Das LG München I hat eine Klage abgewiesen, mit der eine Fahrradfahrerin Ansprüche aus einem Verkehrsunfall gegen einen Reiter geltend macht (Urteil vom 19.10.2020, 19 O 6004/20).
Die Klägerin fuhr mit dem Fahrrad auf dem Gehweg einer Straße. Vor ihr ritt der Beklagte auf seinem Achal-Tekkiner, ebenfalls auf dem Gehweg. Der Gehweg war weder für Fahrräder noch für Reitpferde freigegeben. Die Klägerin näherte sich dem Pferd und klingelte dabei. Sie setzte nach eigener Darstellung zum Überholen an. Infolge einer Berührung des Vorderreifens des Fahrrads mit dem leicht erhöhten Randstein links neben dem Gehweg stürzte die Klägerin und brach sich dabei den linken Oberschenkelhals.
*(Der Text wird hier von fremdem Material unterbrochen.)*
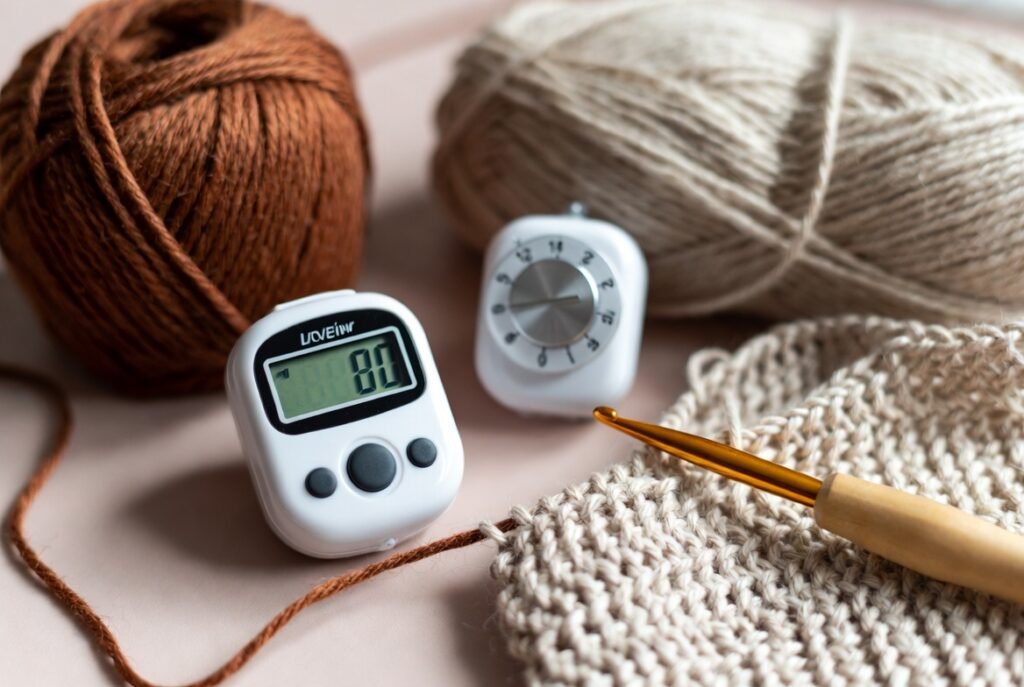 Digital and manual row counters next to a crochet project, used as essential crochet tools for tracking rows in complex and long crochet patterns.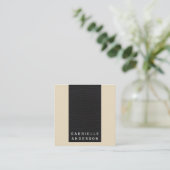 Professioneel elegant zwart leder/zwart vierkante visitekaartje (Staand voorkant)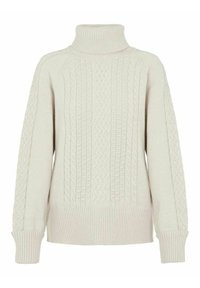 Pull en tricot crème avec un col haut à côtes, présentant des motifs en maille torsadée à l'avant ainsi que des poignets et un ourlet à côtes.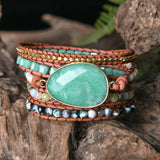 Fancy Wrap Bracelets Natural Stone Beaded 5X Statement Bohemian Jewelry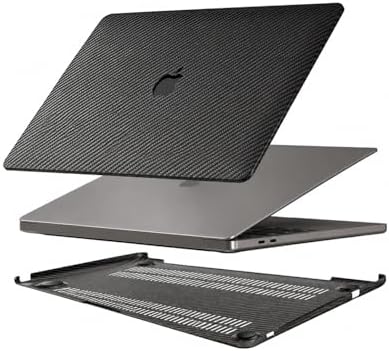 MacBook Air 13 inç Kılıfı A1932 A2179 A2337 M1 Uyumlu Sert Kapak 360° Koruma Karbon Fiber Desenli Siyah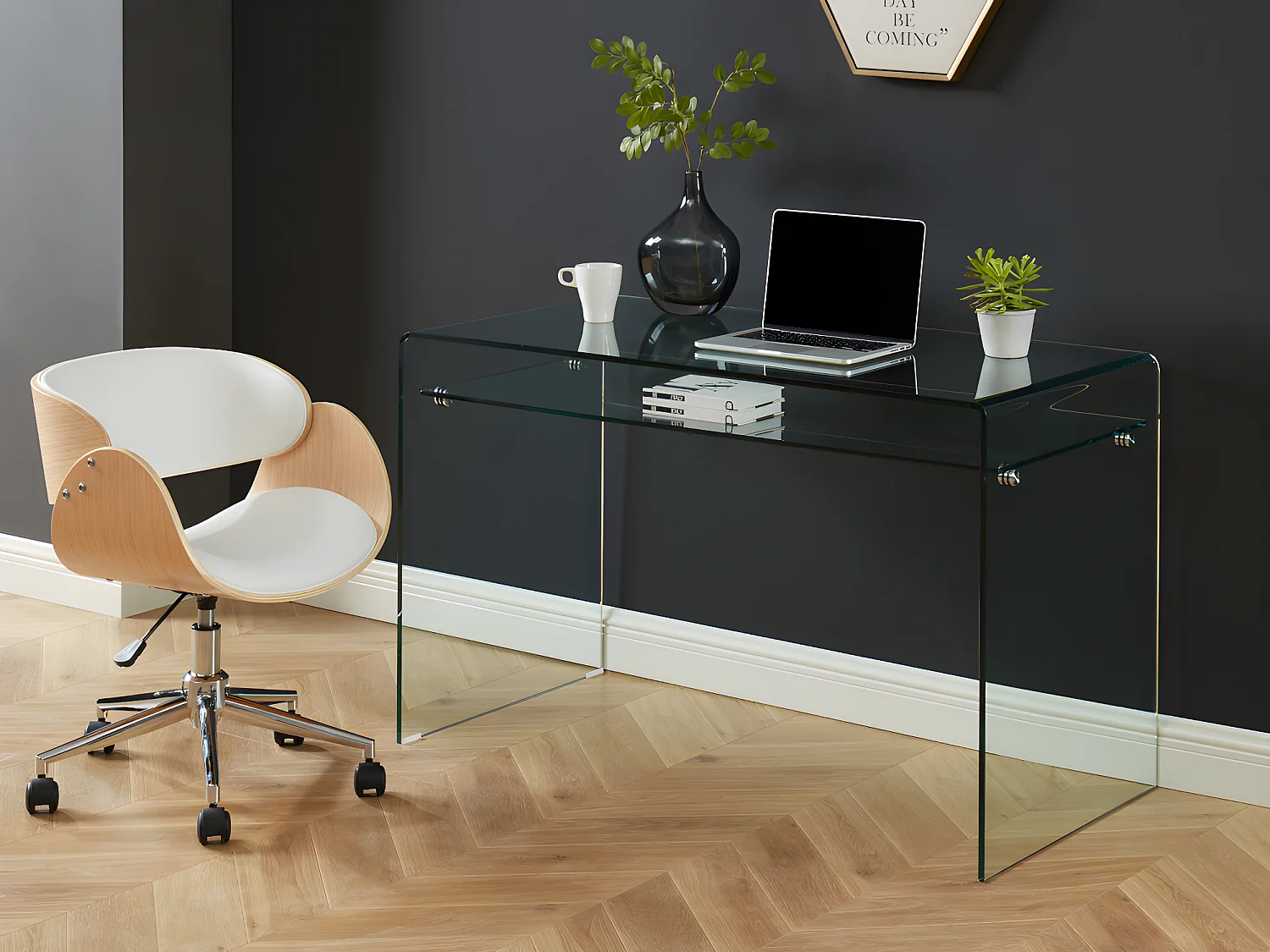 Bureau STILEOS - 1 niche - Verre trempé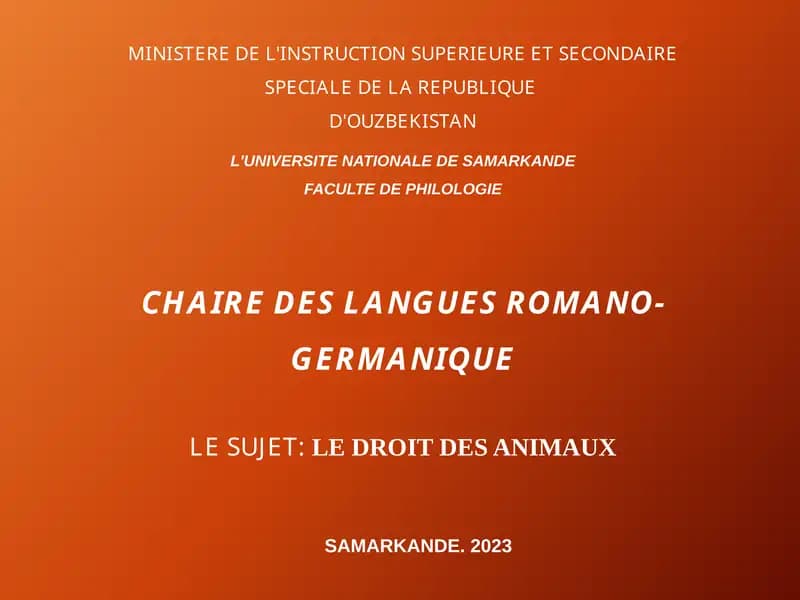 LE DROIT DES ANIMAUX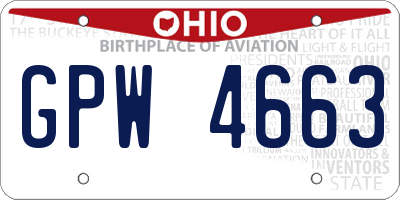 OH license plate GPW4663
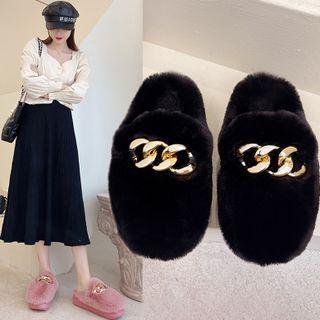 Chain Fluffy Platform Mules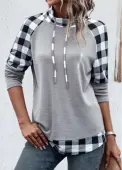 Modlily Light Grey Patchwork Plaid Long Sleeve Sweatshirt - M
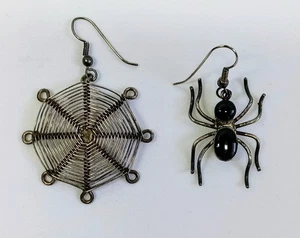 Vintage Spinnennetz & Spinne Ohrringe Silber & Schwarz Onyx 1,5" Gothic Halloween - Bild 1 von 7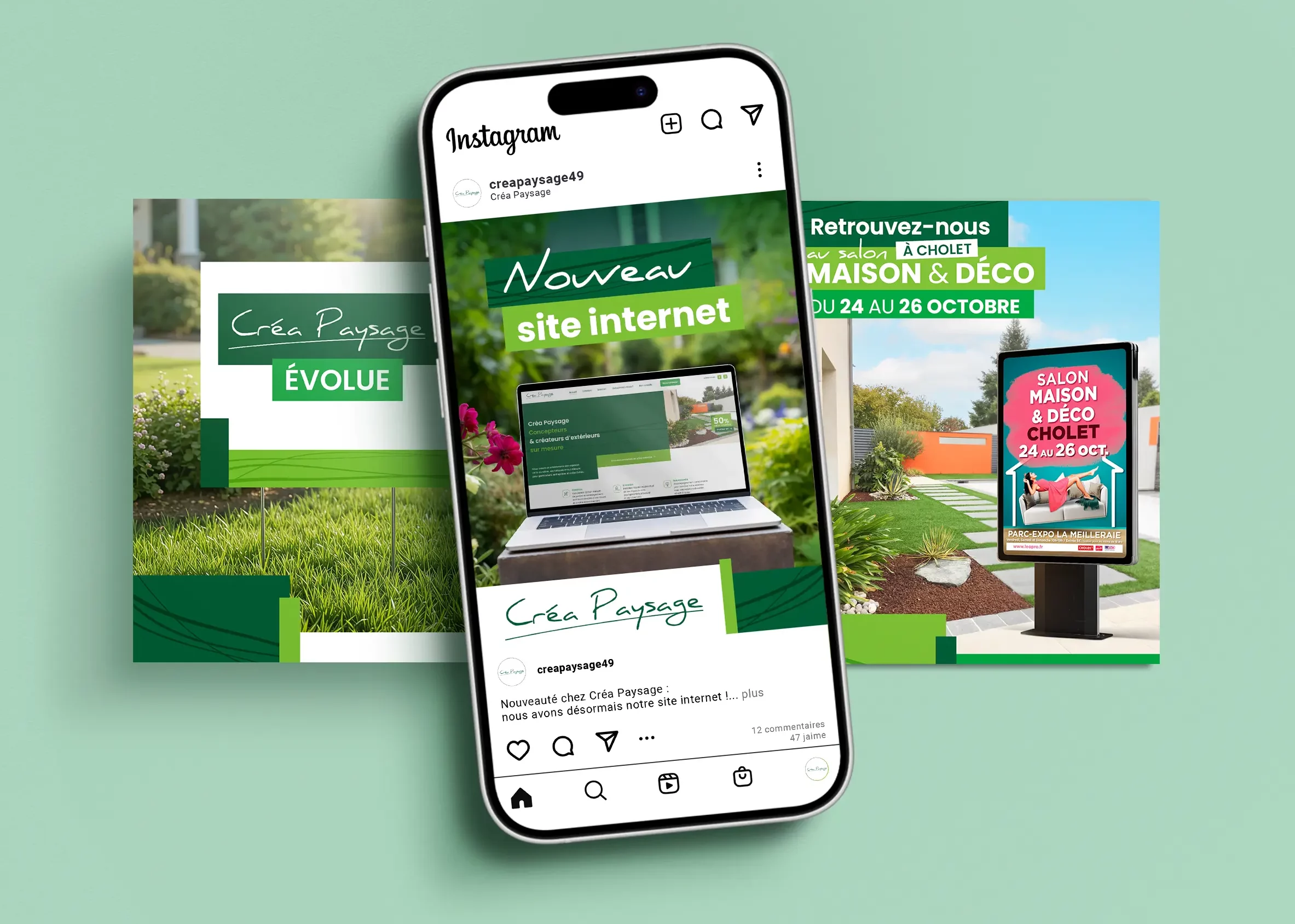 Crea paysage – mockup réseaux sociaux Réseaux sociaux - ValoVallet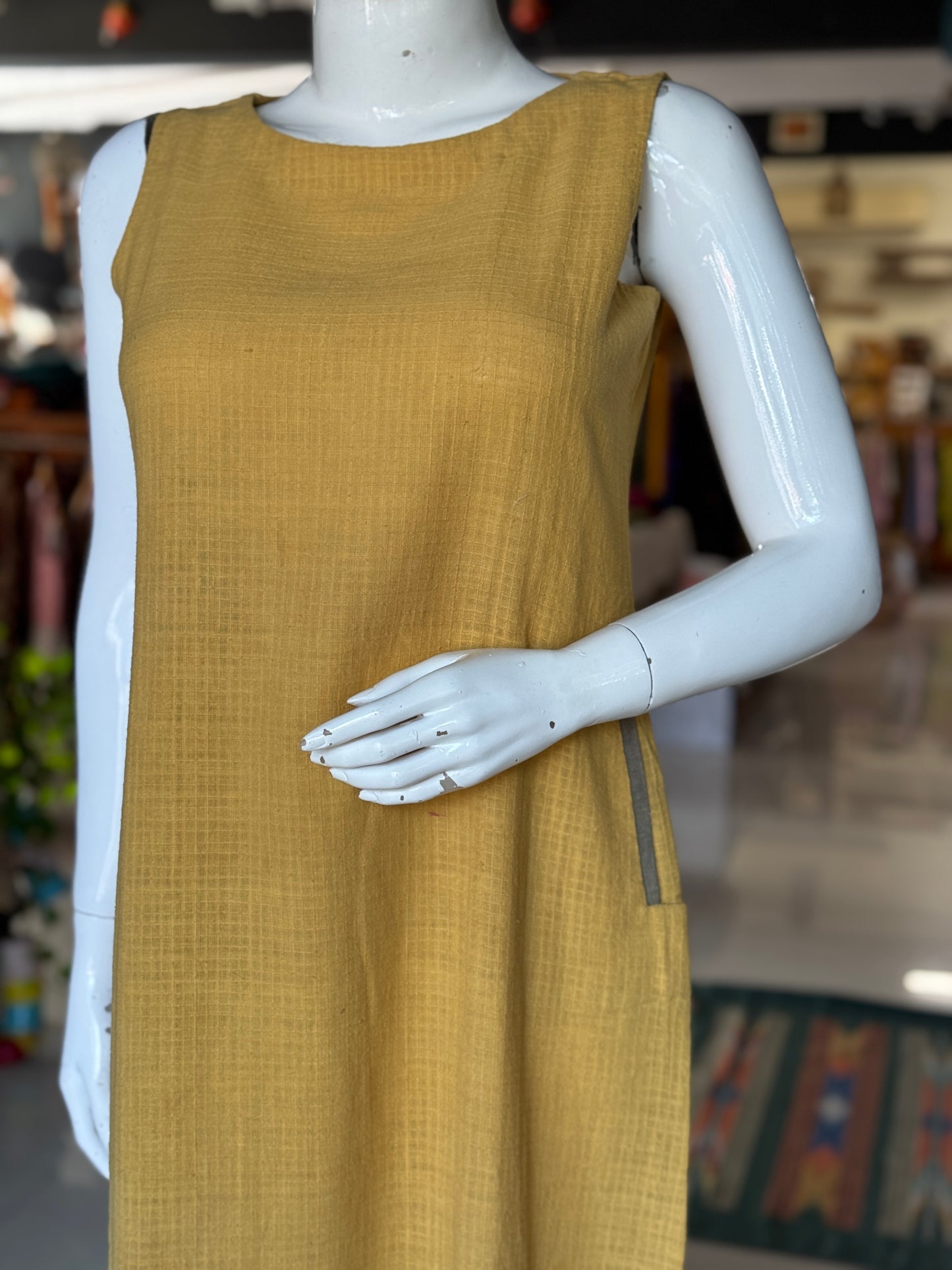 Yellow natural dyed , hand woven, textured organic cotton dress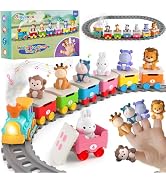 Toddler Toys for 1 2 3 Year Old, Electric Zoo Animal Train Set with Music, Lights &amp; Steam, Montes...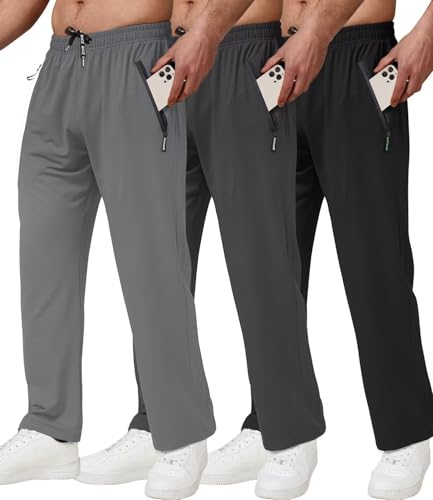Lomsoe 3-Pack Men's Athletic Workout Pants X-Large Black Grey Light Grey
Die Klägerin machte gegen den Beklagten Ansprüche aus Tierhalter- und Tieraufseherhaftung sowie allgemeine deliktische Ansprüche geltend. Sie forderte unter anderem Schmerzensgeld nicht unter 25.000 €. Zwischen den Parteien war dabei insbesondere streitig, ob das Pferd während eines Überholvorgangs nach links – in Richtung der Klägerin – gezogen war und sie deswegen in Richtung des Randsteins ausweichen musste.
Das Gericht hörte beide Beteiligten zum Unfallhergang an. Es ist danach nicht überzeugt, dass der Vortrag einer Seite plausibler war als der andere, oder dass eine Partei glaubwürdiger war. Deshalb entscheidet das Gericht gegen die beweisbelastete Klägerin.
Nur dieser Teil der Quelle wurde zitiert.